Although some previous approaches have demonstrated high classification accuracy, several practical limitations hinder their direct deployment in IoT environments. Some methods require significant computational resources, making them unsuitable for edge devices or IoT gateways with constrained processing and memory. Other techniques rely on long observation windows to accumulate sufficient traffic for reliable classification, which conflicts with the Zero Trust principle of denying or restricting traffic until a device is properly verified. Furthermore, certain approaches still exhibit sub optimal accuracy, whereas near-perfect identification is often required to enforce strict network policies without inadvertently blocking legitimate IoT devices or allowing unknown ones.
Another critical aspect of IoT device classification is the detection of unknown devices, which is essential for enforcing Zero Trust principles. A robust classification model should not only classify known devices accurately but also identify devices that were never seen during the training phase as unknown. This may include unknown IoT devices, or even non-IoT devices, all of which pose a potential security risk.
For unknown device detection, one approach is to employ ML based allow-list techniques that can flag any device not observed during the training phase as unknown.
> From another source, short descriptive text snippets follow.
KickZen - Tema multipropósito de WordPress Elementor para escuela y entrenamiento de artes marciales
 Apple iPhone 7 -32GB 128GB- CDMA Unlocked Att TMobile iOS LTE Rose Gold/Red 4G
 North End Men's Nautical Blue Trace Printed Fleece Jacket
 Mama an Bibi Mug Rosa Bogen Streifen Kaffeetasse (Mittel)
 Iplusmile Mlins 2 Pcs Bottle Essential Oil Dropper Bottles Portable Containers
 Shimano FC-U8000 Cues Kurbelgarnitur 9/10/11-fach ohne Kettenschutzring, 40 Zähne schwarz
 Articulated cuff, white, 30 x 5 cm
Meidan et al. developed a method that leverages Random Forest classifiers and extended traffic collection windows to learn device behavior, achieving approximately 96% accuracy in identifying previously unseen devices as unknown [
17]. While effective, this approach highlights the trade off between high detection accuracy and the need for long observation periods, which can conflict with the Zero Trust requirement of restricting traffic until a device is validated.
Table 1 presents a comparison of prior works, highlighting the models employed and the performance achieved. While many of these approaches report near-perfect accuracy, they often require extended observation windows to confidently classify devices. This delayed classification contradicts the core principles of Zero Trust, which mandates that traffic should not be permitted until a device is properly validated. Furthermore, device authentication alone does not guarantee appropriate authorization or least-privilege enforcement. An additional layer of network-based classification is essential to accurately classify the device and restrict its communication to only the traffic patterns necessary for its intended function.
Table 1.
Comparison of Related Work on IoT Device Classification and Unknown Detection.
Table 1.
Comparison of Related Work on IoT Device Classification and Unknown Detection.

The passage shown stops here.